You could have a rhythm track that plays for 5 seconds whenever a key is pressed. And a countdown timer that plays the rhythm track plus any key presses that were recorded to memory. The implication being that your friend needs to enter something before the timer runs down. All the while another track keeps playing 'Please enter code'
And on the ardunio, when the programer is pluged in the unit switches to usb power. Which is 5volt at around 750ma. 750ma is the max usb can give out. This may not be enough for certian servos. A method I see that works is a relay to control the highet power for the servo. Yes it is more wiring and tweaking in the code. Hope this helps
nice ible dude, i mean duke!
http://www.youtube.com/watch?v=-zbC6T6sfZM
skip to 1:52
If that's what you were referring to, that a very creative use. Though it may be just as effective to also set it up to use the RFID tag to unlock the doors.

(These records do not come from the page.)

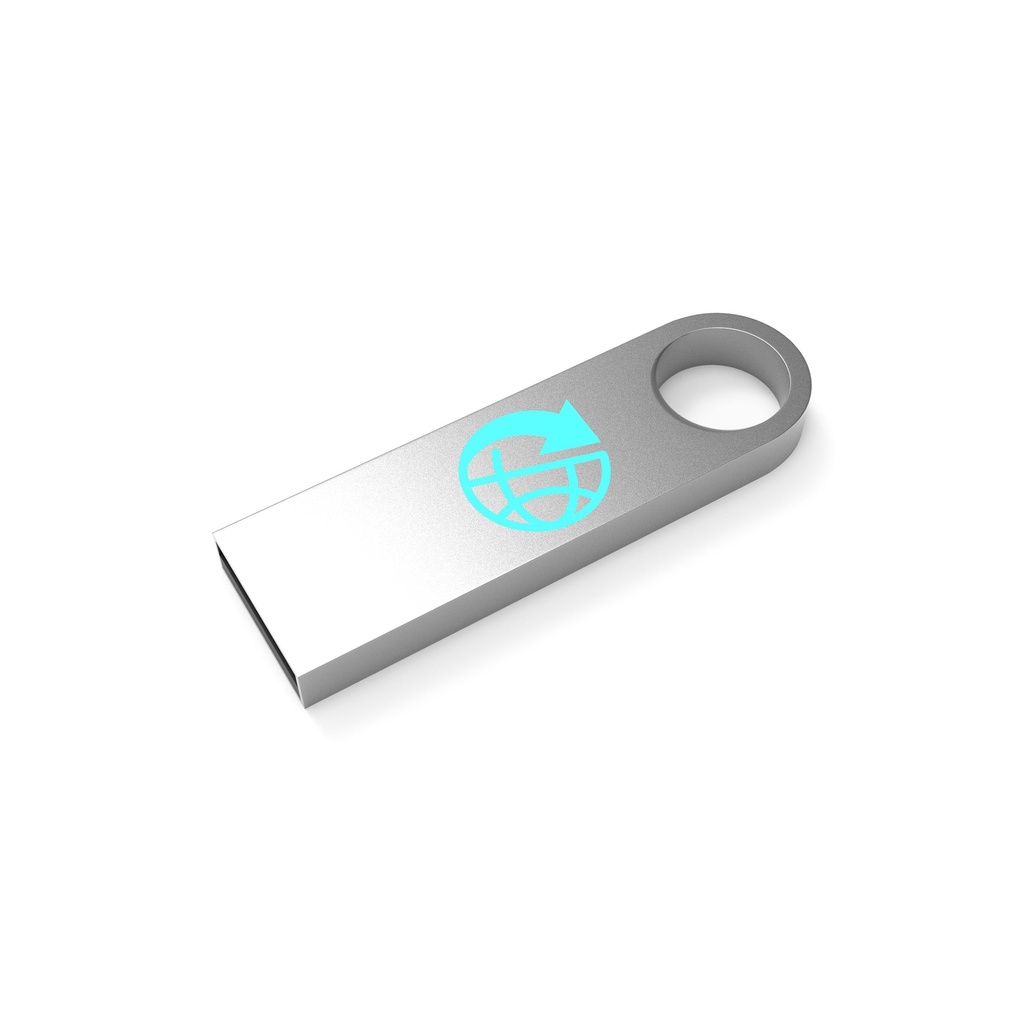 USB Stick E-Circle (Argent, 4 Go 2.0, Pas de dépôt de données, Sans personnalisation, Pas de personnalisation individuelle recto, Sans personnalisation, Aucun accessoire, Aucun accessoire inclus, Sans emballage, Pas d’assistance graphique professionnelle)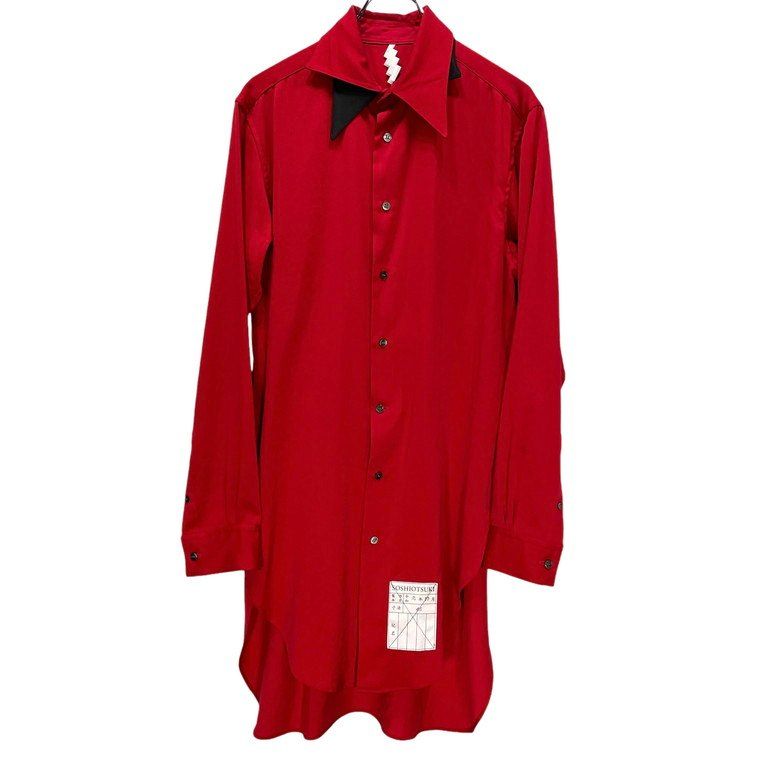 SOSHIOTSUKI 19aw ダブルカラーシャ ツ SOSHIOTSUKI 19AW DOUBLE COLLAR LONG SHIRTS レーヨンダブルカラー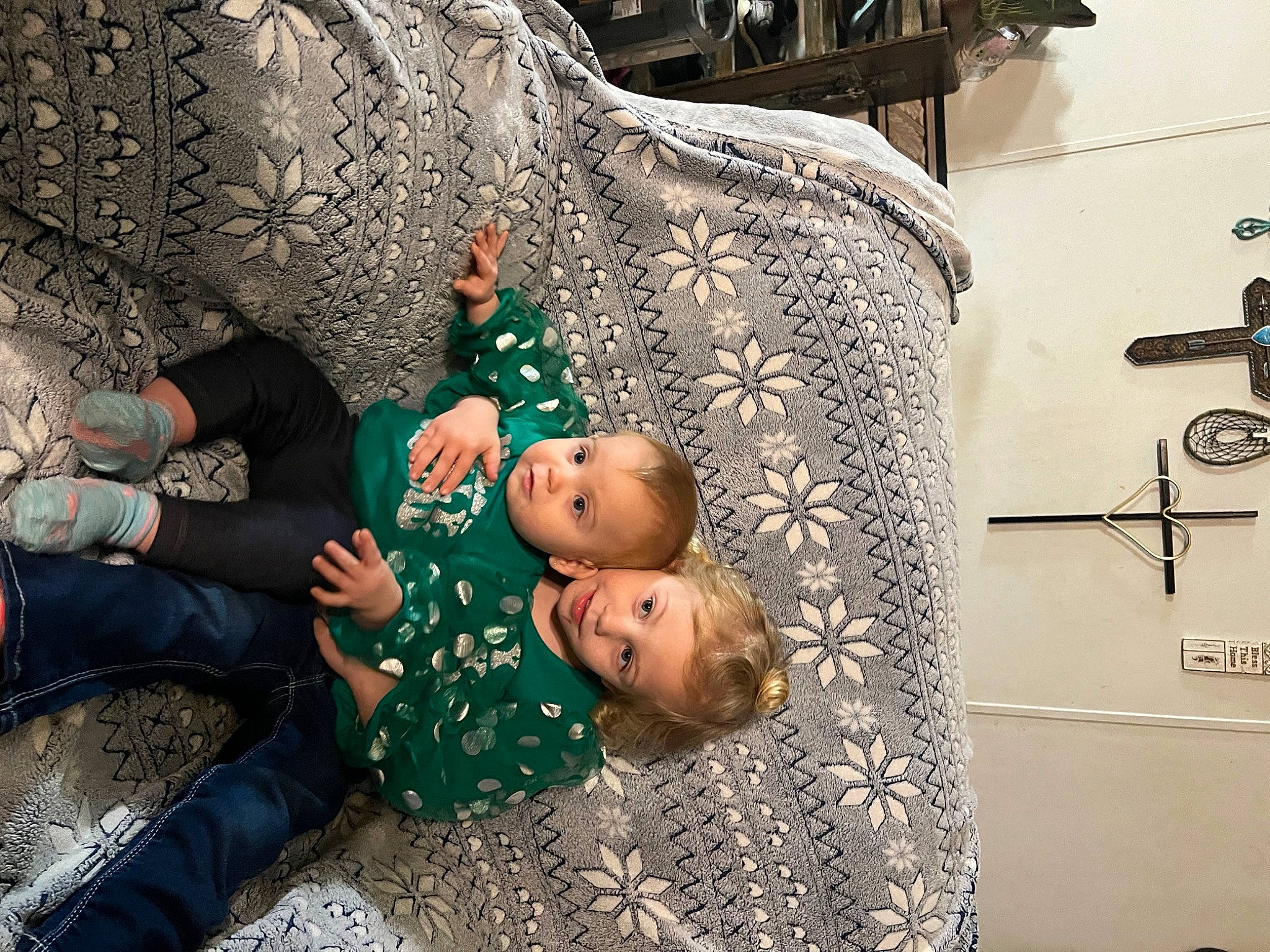 Allison is registered to the contest to win money with this photo: art, baby, child, comfort, flooring, fun, happy, leisure, metal, pattern, person, room, sitting, toddler, tree, visual_arts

I see you are not putting the Arduino to sleep. This means it constantly takes about 40mA from the battery which is quite a bit. with 4.5A/h battery you get 110 hours of operation. If you are putting it to sleep for 1second, wakes up for polling the RFID (that will be very few mill-seconds and back to sleep) you will get an average current drawn that is substantially less and much more battery time. You could easily apply a factor of 20 to the above (so few months instead of current ~5 days). Plenty of samples for that, you can see my simple parking sensor instructable for one http://www.instructables.com/id/Simple-Parking-Sensor/ .
Few things to note when doing that:
1. Reduce unnecessary debugging messages and shorten them to reduce wake up time.
2. Make the serial fastest you can (115,200)
3. Remain time efficient in code, even at cost of space.
I got a factor of almost 50 with sleep of 2 seconds. The downside of that is the user experience can be of a delayed response to sensing the RFID. I think one second sleep will not an issue (on average a delay of 0.5second).